“Yo no me meto en política” es una frase de uso bastante corriente. Sobre las razones que se dan, no es del caso entrar aquí. La atención se dirige hacia la posibilidad misma de una tal actitud, previo un recordatorio de significados elementales del término política (del griego polis, ciudad).
En el siglo IV antes de la era cristiana el filósofo Aristóteles en su libro
clásico Política definió al hombre como animal político (zoon
politikon). Con ello asomaba ya la amplitud de ese campo del quehacer
humano. No es de extrañar por tanto que en nuestro tiempo Thomas Mann haya
empleado en su Montaña Mágica la expresión de que “todo es política” y
Michel Foucault subrayase que ésta se encuentra en todas partes y nunca pueda
desaparecer. En esta línea de comprensión terminológica la connotada feminista
Carol Hanisch buscó diluir fronteras afirmando que “lo personal es político” ¡Qué
quedaría entonces fuera de la política? Por cierto que Maquiavelo, marcado por
su escenario pragmático renacimental, encogió lo político con una
interpretación éticamente negativa. Puede decirse, a manera de síntesis, que lo
político está en todo, pero no lo es todo. El ser humano, en efecto, por su dimensión
ética y espiritual, tiene una apertura trascendente y se mueve en ámbitos que
no se reducen a lo relacional político.
Para distinguir, sin complicar demasiado las cosas, podemos señalar tres
acepciones del vocablo política 1. Lo concerniente a la polis en
cuanto convivencia social, conglomerado humano y su bien común. 2. Lo que se refiere al poder (su organización
y ejercicio), a la autoridad, en la polis. 3. Lo relativo
a la agrupación en partidos, con miras a la toma y actuación de dicho
poder. El ser y el actuar políticos tiene, por consiguiente, diversos modos darse,
lo cual se refleja, obviamente, en los diferentes tipos de compromiso y comportamiento
frente a esa realidad. Pensemos, por ejemplo, en lo que en este asunto toca a) a
la Iglesia como conjunto, b) a su jerarquía y c) al laicado que
mayoritariamente la integra. Algo semejante se puede hacer respecto de la
llamada “sociedad civil”.
Como fácilmente se cae en una especie de “mitificación” de la política (asumiéndola
casi sólo como espacio de secretismos, dobleces, manipulaciones y
aprovechamientos) estimo iluminadora y saludable la traducción de polis como
sociedad y la interpretación del adjetivo social como político.

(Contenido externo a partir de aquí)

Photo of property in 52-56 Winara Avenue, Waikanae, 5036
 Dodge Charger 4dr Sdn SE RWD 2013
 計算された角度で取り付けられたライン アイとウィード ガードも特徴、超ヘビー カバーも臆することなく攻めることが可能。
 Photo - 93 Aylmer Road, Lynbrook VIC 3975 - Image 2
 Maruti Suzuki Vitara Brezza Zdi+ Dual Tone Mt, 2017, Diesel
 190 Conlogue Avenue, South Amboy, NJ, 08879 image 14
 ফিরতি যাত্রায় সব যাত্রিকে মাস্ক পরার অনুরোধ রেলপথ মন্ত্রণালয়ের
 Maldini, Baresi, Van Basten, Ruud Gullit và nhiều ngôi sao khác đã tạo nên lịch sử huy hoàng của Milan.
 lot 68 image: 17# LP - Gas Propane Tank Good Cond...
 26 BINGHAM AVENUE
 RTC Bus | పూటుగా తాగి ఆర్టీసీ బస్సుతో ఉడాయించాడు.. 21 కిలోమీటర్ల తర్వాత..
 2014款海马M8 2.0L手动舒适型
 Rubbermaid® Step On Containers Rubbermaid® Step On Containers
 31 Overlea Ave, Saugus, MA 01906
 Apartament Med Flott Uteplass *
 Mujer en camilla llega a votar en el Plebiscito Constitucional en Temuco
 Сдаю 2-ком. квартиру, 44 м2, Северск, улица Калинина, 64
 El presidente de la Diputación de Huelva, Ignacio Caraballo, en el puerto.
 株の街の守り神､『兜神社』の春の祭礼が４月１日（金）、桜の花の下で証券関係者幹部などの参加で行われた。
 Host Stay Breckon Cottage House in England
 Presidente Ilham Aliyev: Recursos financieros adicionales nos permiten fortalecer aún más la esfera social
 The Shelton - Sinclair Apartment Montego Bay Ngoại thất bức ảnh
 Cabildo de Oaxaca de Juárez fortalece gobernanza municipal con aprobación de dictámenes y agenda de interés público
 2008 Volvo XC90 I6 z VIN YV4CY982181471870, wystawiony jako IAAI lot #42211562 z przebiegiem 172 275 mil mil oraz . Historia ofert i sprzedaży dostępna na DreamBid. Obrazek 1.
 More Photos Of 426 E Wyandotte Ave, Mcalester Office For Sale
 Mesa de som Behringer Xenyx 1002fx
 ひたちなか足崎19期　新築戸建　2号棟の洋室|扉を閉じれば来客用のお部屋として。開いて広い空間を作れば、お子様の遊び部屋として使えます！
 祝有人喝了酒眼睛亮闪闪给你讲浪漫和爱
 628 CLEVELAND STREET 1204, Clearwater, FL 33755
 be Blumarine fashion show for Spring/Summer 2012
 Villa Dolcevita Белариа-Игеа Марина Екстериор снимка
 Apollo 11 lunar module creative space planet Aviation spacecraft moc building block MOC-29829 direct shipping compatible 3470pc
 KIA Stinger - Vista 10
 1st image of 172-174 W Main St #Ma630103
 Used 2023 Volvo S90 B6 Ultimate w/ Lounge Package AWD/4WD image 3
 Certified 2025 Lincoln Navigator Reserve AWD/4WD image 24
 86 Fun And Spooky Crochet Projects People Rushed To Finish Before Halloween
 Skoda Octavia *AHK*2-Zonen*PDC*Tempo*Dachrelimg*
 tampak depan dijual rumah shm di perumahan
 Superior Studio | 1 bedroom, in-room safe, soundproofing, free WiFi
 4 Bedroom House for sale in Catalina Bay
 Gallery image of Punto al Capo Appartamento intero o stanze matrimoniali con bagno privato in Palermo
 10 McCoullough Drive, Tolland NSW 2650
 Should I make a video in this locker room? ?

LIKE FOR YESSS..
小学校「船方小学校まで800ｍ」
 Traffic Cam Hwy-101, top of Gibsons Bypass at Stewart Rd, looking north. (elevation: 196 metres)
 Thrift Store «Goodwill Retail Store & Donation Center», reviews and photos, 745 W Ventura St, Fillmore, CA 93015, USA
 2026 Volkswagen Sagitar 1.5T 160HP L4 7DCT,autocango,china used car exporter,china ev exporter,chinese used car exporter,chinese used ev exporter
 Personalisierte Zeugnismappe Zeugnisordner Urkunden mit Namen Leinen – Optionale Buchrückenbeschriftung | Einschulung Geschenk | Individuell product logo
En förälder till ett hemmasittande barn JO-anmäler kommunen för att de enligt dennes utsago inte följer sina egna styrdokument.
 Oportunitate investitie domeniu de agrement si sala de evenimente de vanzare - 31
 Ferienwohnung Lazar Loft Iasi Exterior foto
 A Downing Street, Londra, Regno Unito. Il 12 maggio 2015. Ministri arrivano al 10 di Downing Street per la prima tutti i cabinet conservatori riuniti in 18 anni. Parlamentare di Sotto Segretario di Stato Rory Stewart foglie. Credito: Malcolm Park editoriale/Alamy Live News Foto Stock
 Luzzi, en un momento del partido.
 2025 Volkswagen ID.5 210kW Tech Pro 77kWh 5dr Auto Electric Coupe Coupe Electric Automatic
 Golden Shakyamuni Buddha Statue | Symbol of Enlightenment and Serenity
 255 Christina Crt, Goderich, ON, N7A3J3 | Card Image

Así podemos razonable y convenientemente interpretar el relato bíblico del Génesis
(1, 26-27), en el sentido de que Dios creó al ser humano como político,
como ser relacional para surgir, vivir y desarrollarse en polis (con-vivencia),
comenzando por la estructura más elemental de ésta, que es la familia. La
politicidad o socialidad constituye, por consiguiente, no un agregado del ser
humano, sino algo que lo define desde adentro, estructuralmente, y lo acompaña
en uno u otro modo en todo su quehacer. En este sentido se puede afirmar que el
hombre es necesaria e ineludiblemente político. La revelación cristiana
lo identifica como imagen auténtica de Dios, que es Unitrino, comunión,
relacionalidad interpersonal, amor (1 Jn 4, 8).
Expresiones como la referida al inicio, de meterse o no en política,
carecen entonces de sentido, en cuanto, en virtud de existentes, los seres
humanos somos políticos, con-vivientes, desde el inicio de nuestra
peregrinación terrena. Querámoslo o no, estamos metidos cotidianamente en
política y el problema ético y religioso entonces reside en cómo hemos de estarlo.
El “segundo mandamiento” (Mc 12, 31), al igual que las obras de misericordia de
que habla Jesús (Mt 25, 31-46) pueden y han de entenderse como amor político.
De lo anterior se desprende que la formación política es moralmente
obligante para una convivencia responsable y corresponsable. La edificación de
una nueva sociedad (polis vivible, deseable) es tarea de todos,
cualquiera sea la condición personal. El actuar político puede variar según
vocaciones, situaciones y oportunidades, pero todos y cada uno tenemos una
tarea que realizar en dicho campo. Para los creyentes esta obligación se
acentúa en virtud del mandamiento máximo proclamado por Jesús.